Using the listing below, set down exactly the lines from the one that contains "Human p21-Activated Kinase 4 (PAK-4)" through the one that contains "オフィスホワイトニングで、白い歯に!!の治療前", with no pictures.

> INPUT FOR THIS TASK:

........

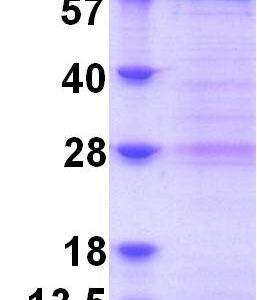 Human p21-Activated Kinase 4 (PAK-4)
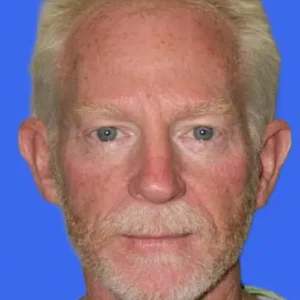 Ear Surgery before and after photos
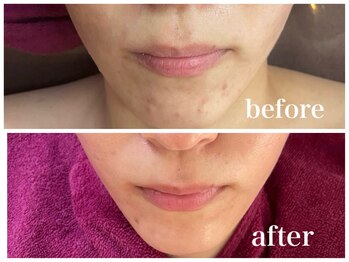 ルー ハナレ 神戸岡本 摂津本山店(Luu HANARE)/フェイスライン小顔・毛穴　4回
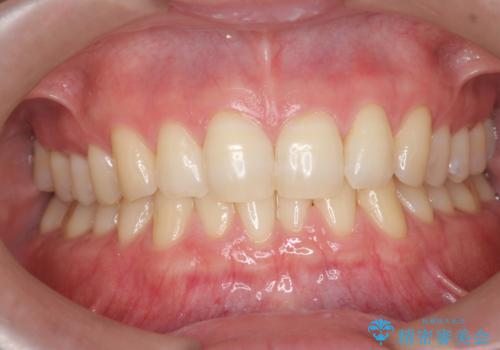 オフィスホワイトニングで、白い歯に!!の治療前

........

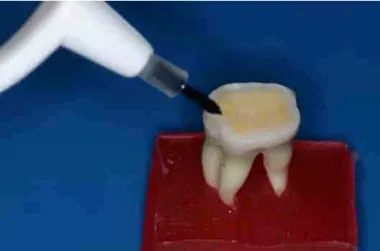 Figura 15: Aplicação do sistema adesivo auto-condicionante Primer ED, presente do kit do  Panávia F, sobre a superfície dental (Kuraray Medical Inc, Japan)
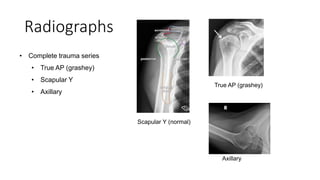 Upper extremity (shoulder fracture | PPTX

........

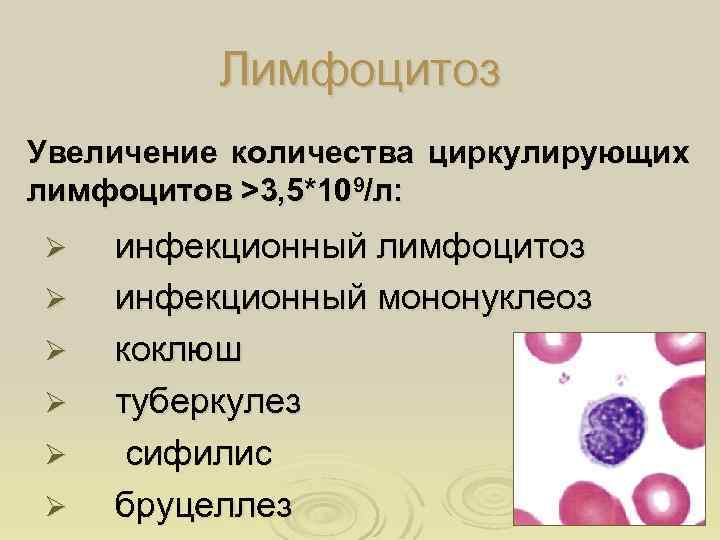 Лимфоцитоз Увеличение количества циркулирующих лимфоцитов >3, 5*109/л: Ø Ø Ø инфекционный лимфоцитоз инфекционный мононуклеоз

........

> REPLY:
 Human p21-Activated Kinase 4 (PAK-4)
 Ear Surgery before and after photos
 ルー ハナレ 神戸岡本 摂津本山店(Luu HANARE)/フェイスライン小顔・毛穴　4回
 オフィスホワイトニングで、白い歯に!!の治療前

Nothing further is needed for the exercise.